We build only high accuracy speech recognition AI solutions that enable you to transcribe any audio and get back highly accurate transcripts. For comparison with other providers, please see our benchmarks.

We support two types of models: default and low-latency. The default model provides the highest accuracy (much higher than low-latency) and should be used for almost all use cases (e.g. transcribing files, meetings, phone calls, voice interactions). The low-latency model should be used only when instant recognition is required (e.g. live captioning).

Language Model name Model type Speaker AI Supported
English en_v2 Default Yes
English en_v2_lowlatency Low-latency Yes
Korean ko_v2 Default No
Korean ko_v2_lowlatency Low-latency No
Chinese (simplified) zh_v2 Default No
Chinese (simplified) zh_v2_lowlatency Low-latency No
Spanish es_v2 Default No
Spanish es_v2_lowlatency Low-latency No
French fr_v2 Default No
French fr_v2_lowlatency Low-latency No
Italian it_v2 Default No
Italian it_v2_lowlatency Low-latency No
Portuguese pt_v2 Default No
Portuguese pt_v2_lowlatency Low-latency No
German de_v2 Default No
German de_v2_lowlatency Low-latency No

You must configure the model by setting the model TranscriptionConfig field to a valid model name (e.g., en_v2).

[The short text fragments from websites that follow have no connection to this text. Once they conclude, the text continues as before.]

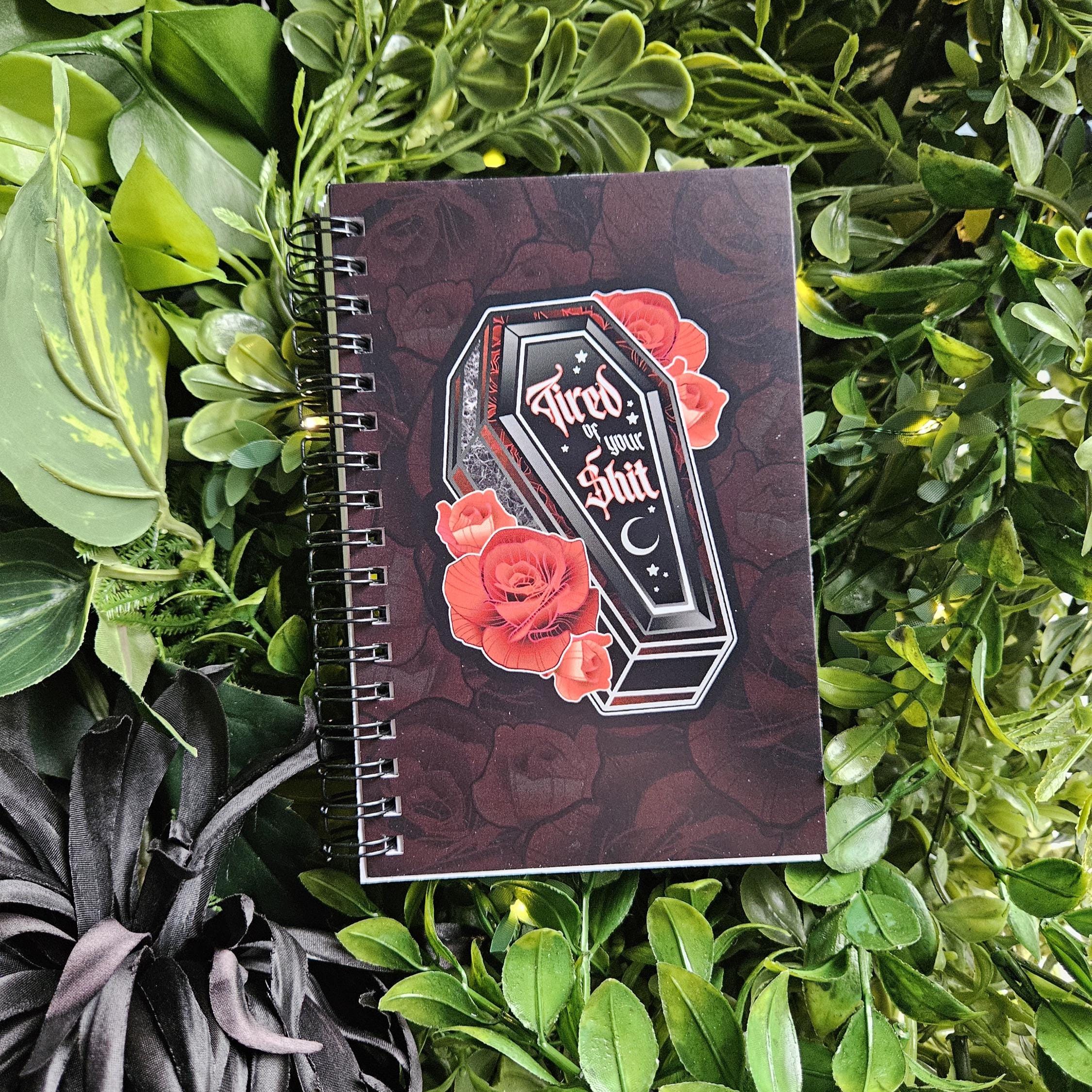 4x6 Handmade Spiral NOTEBOOK: Tired of Your Shit with Red Roses Coffin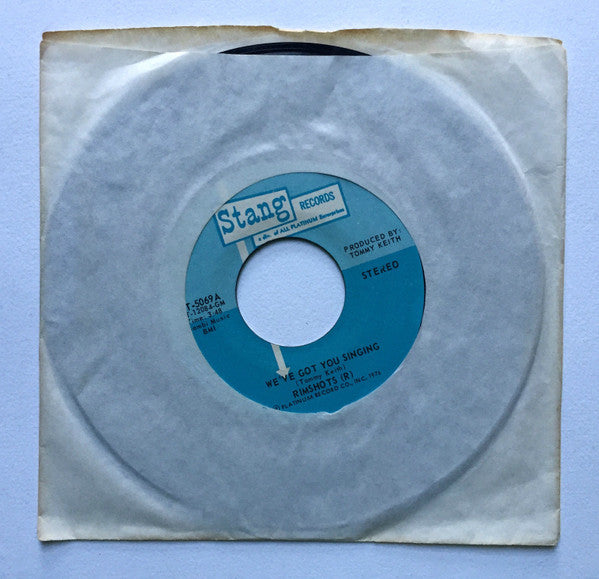 The Rimshots : We've Got You Singing (7", Single)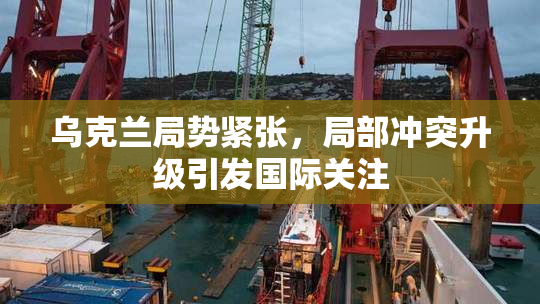 乌克兰局势紧张，局部冲突升级引发国际关注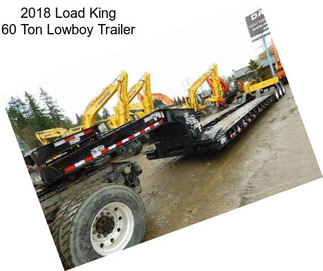 2018 Load King 60 Ton Lowboy Trailer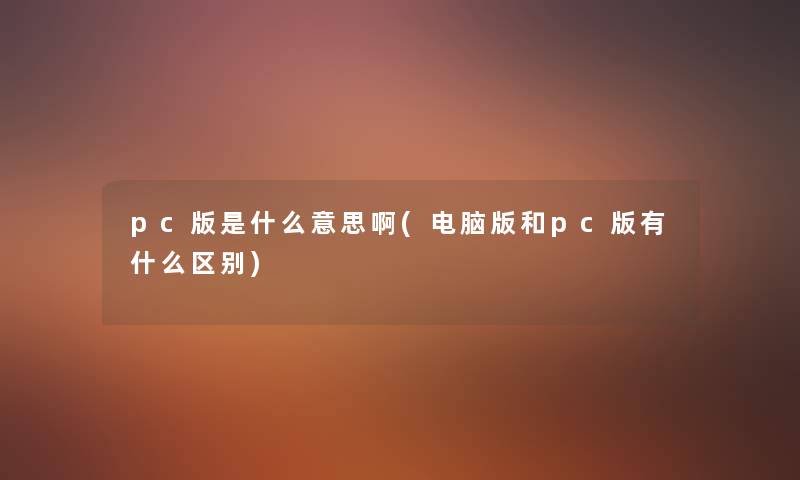 pc版是什么意思啊(电脑版和pc版有什么区别)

Refer to Configure Requests. Do not forget to specify the model, as specifing no model will result in a legacy English model being used.

Bilingual Solutions#

For all non-English languages, Soniox’s speech recognition AI is a bilingual solution, meaning that it can recognize both the native and English language. For example, the model ko_v2 can recognize both Korean and English with high accuracy.

Note that English models (en_v2, en_v2_lowlatency) have higher accuracy on English only audio, therefore it is recommended to use the English models when the entire audio or large audio segment is in English language.

Default vs Low-Latency Model#

You should consider using the low-latency model only when instant recognition of words is required. Typical use cases include live captioning and live dictation. The low-latency processing mode is enabled by setting the model to a low-latency model (e.g. en_v2_lowlatency) and by setting the enable_nonfinal field to true. The low-latency model can be only used with streaming API calls.

However, our streaming API calls also support the default model, allowing you to transcribe the stream with maximum accuracy. However, this may result in many seconds of latency for the recognized words. This is particularly useful for applications where you can send the audio in real-time and obtain the entire transcript as soon as possible after the end of the audio. Typical use cases for this would include voice interactions.

In all other API calls (e.g. Transcribe Short Audio and Transcribe Files), only the default model is supported.

Spaces in Chinese Models#

With Chinese models, predicted space tokens should be treated somewhat differently. A space token represents either a physical space or a suggestion where a line break may occur. While the distinction is not provided by the model, a simple heuristic can be used: treat the space as a possible line break when it is, on both sides, adjacent to a Chinese character or a Chinese (full-width) punctuation symbol.